As heartbreaking as this novel was at times, there are rays of light scattered throughout: Olivia’s grandmother, Ruthie; her friend, Mia, with husband, Bryce, and daughter, Lily; and even the reappearance of Evan, her boyfriend before Wyatt came along.

Well-written, and full of both heartache and healing, this was an excellent read.

I received a copy of this novel from the publisher. This has not influenced the content of my review.

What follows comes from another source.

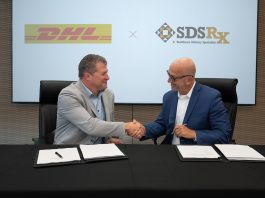 DHL rafforza la logistica healthcare: acquisita SDS Rx negli Stati Uniti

Release date:  11 October 2016
Pages:  350
Publisher:  Waterfall Press

Amazon US  //  Amazon AU  //  Goodreads  //  Koorong

~ Other Books by Christa Allan ~

      

~ About the Author ~

Christa AllanA true Southern woman who knows any cook worth her gumbo always starts with a roux and who never wears white after Labor Day, Christa Allan writes women’s fiction with hope, humor, and heart.

Christa is a New Orleans native, the mother of five, and grandmother of three. She recently retired after twenty-five years of teaching high school English, so she doesn’t scare easily. She and her husband Ken, their bark-crazy dog Herman and their three neurotic cats recently moved to Houston to be near (and hopefully not annoy) their children.